▶ _Exercise objective_:
Copy word for word the lines in the records below, starting at the line with "a small bedroom" and ending at the line with "Shabbat eve table". Skip the pictures.

▶ _Excerpted records_:
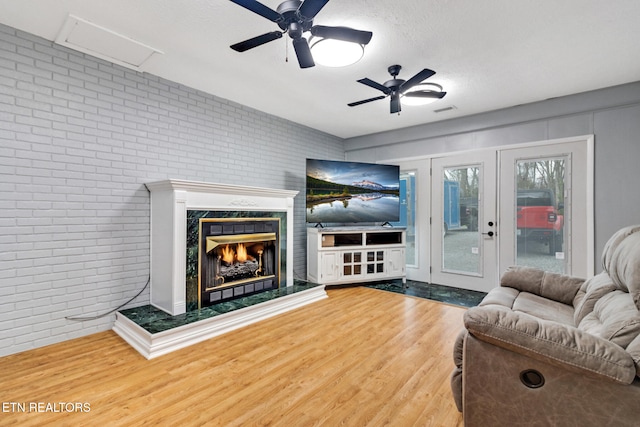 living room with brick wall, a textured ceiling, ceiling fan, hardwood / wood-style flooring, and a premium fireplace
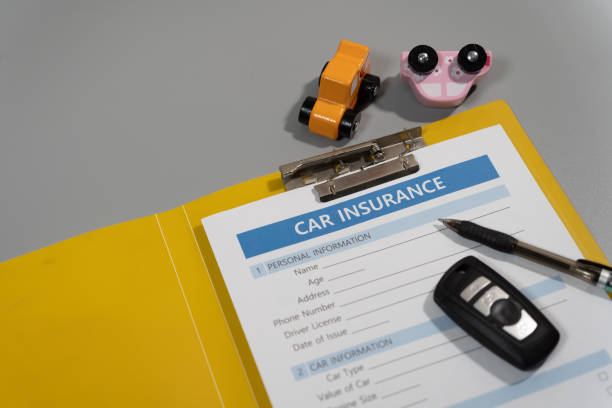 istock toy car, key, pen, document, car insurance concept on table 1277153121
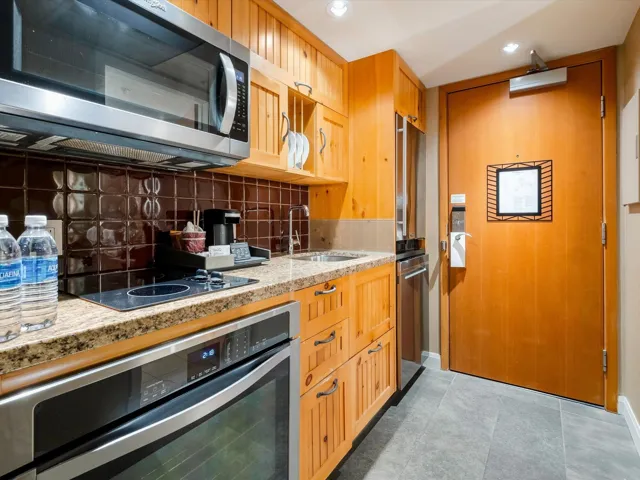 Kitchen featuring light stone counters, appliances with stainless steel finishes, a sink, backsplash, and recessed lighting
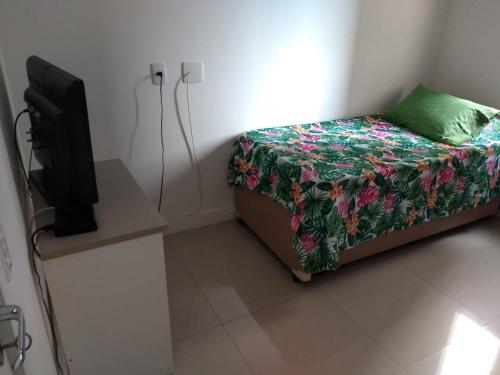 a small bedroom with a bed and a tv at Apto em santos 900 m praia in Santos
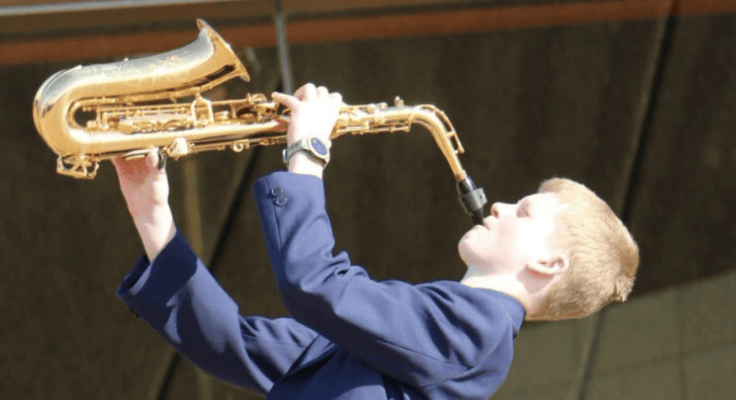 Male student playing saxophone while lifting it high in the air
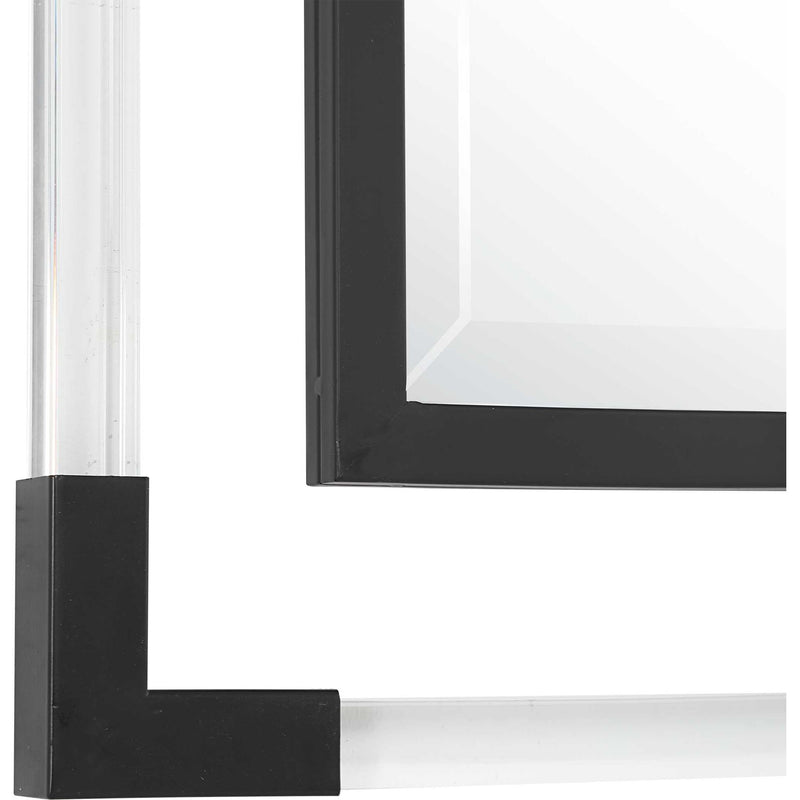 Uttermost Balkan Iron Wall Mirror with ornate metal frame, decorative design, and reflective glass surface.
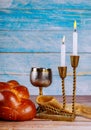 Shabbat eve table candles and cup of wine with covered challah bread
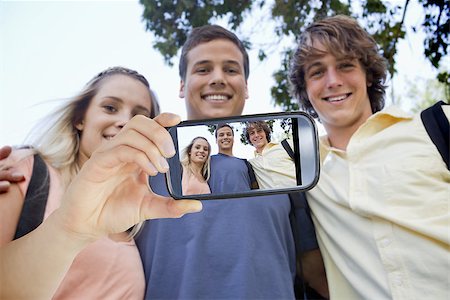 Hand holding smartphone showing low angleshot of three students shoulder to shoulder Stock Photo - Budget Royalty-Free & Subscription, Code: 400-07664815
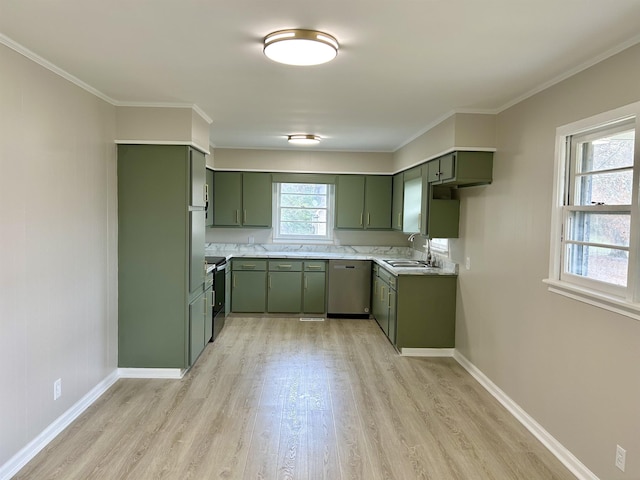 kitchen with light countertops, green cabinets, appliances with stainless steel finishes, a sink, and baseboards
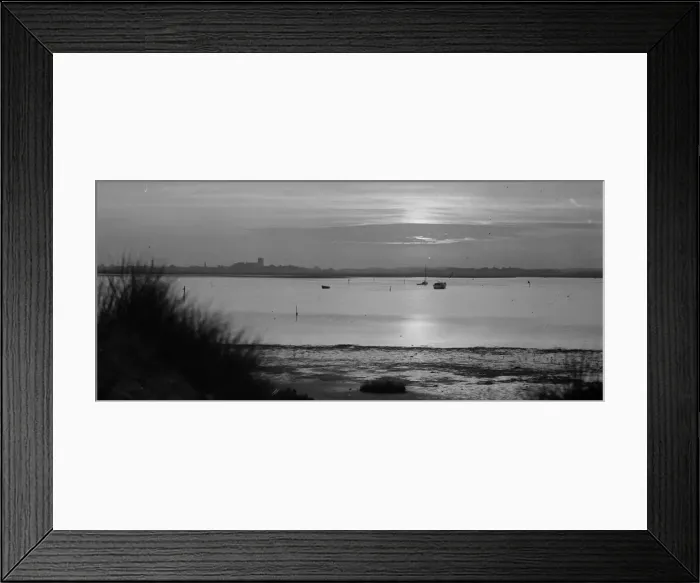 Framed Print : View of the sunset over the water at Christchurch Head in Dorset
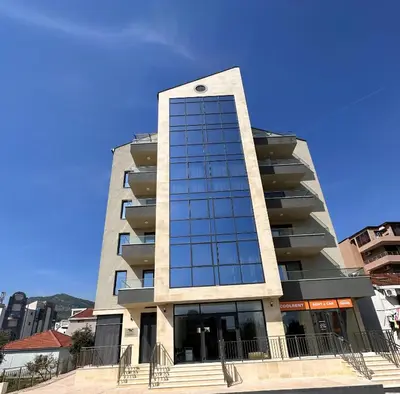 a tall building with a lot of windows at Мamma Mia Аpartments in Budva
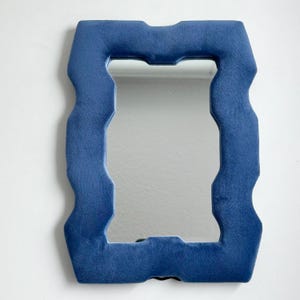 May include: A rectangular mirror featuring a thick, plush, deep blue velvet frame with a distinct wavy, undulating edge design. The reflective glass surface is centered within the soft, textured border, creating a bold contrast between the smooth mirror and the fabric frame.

==

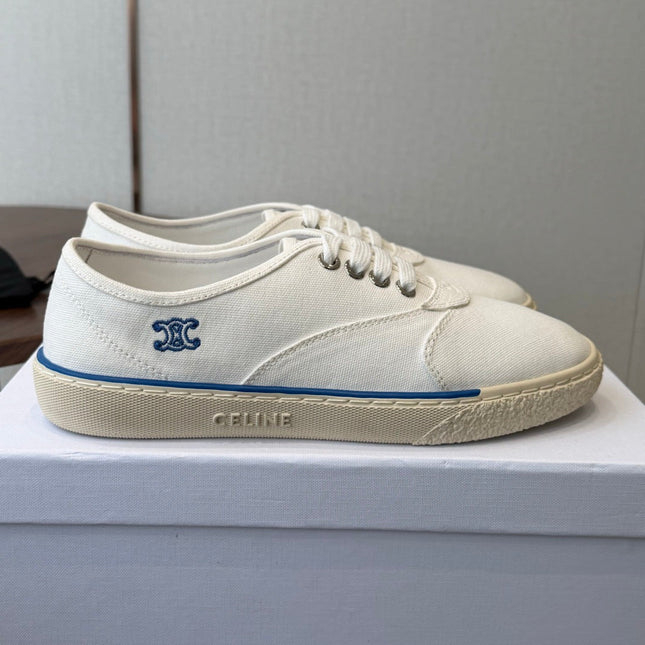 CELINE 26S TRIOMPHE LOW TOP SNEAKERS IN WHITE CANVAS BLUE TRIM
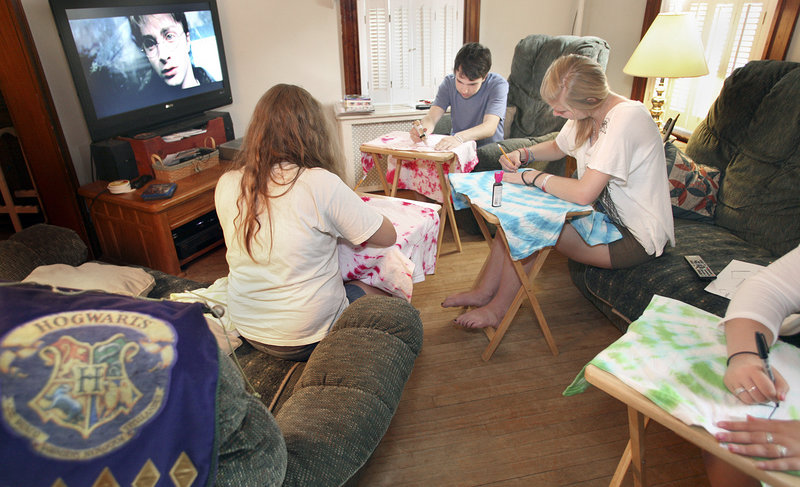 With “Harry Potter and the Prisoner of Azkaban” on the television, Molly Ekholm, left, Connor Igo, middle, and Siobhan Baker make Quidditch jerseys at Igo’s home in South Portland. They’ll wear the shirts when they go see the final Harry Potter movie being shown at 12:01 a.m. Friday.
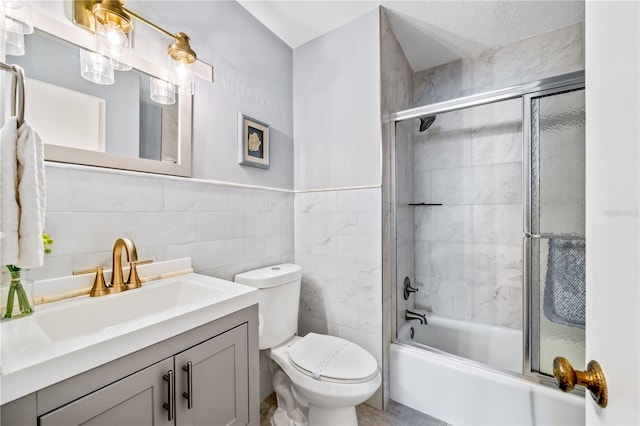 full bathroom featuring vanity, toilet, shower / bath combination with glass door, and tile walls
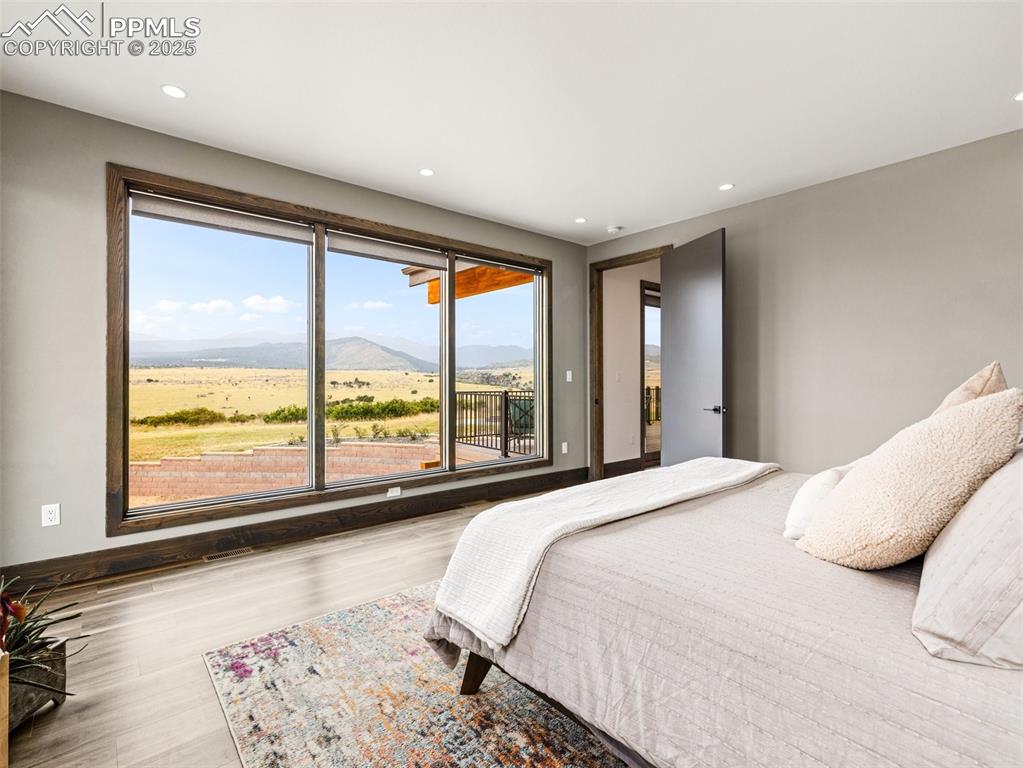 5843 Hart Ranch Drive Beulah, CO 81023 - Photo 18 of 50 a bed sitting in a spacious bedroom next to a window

---

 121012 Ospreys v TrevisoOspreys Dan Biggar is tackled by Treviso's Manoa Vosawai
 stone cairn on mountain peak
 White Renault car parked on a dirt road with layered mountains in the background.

▶ _Exercise result_:
 a small bedroom with a bed and a tv at Apto em santos 900 m praia in Santos
 Male student playing saxophone while lifting it high in the air
 Uttermost Balkan Iron Wall Mirror with ornate metal frame, decorative design, and reflective glass surface.
 Shabbat eve table candles and cup of wine with covered challah bread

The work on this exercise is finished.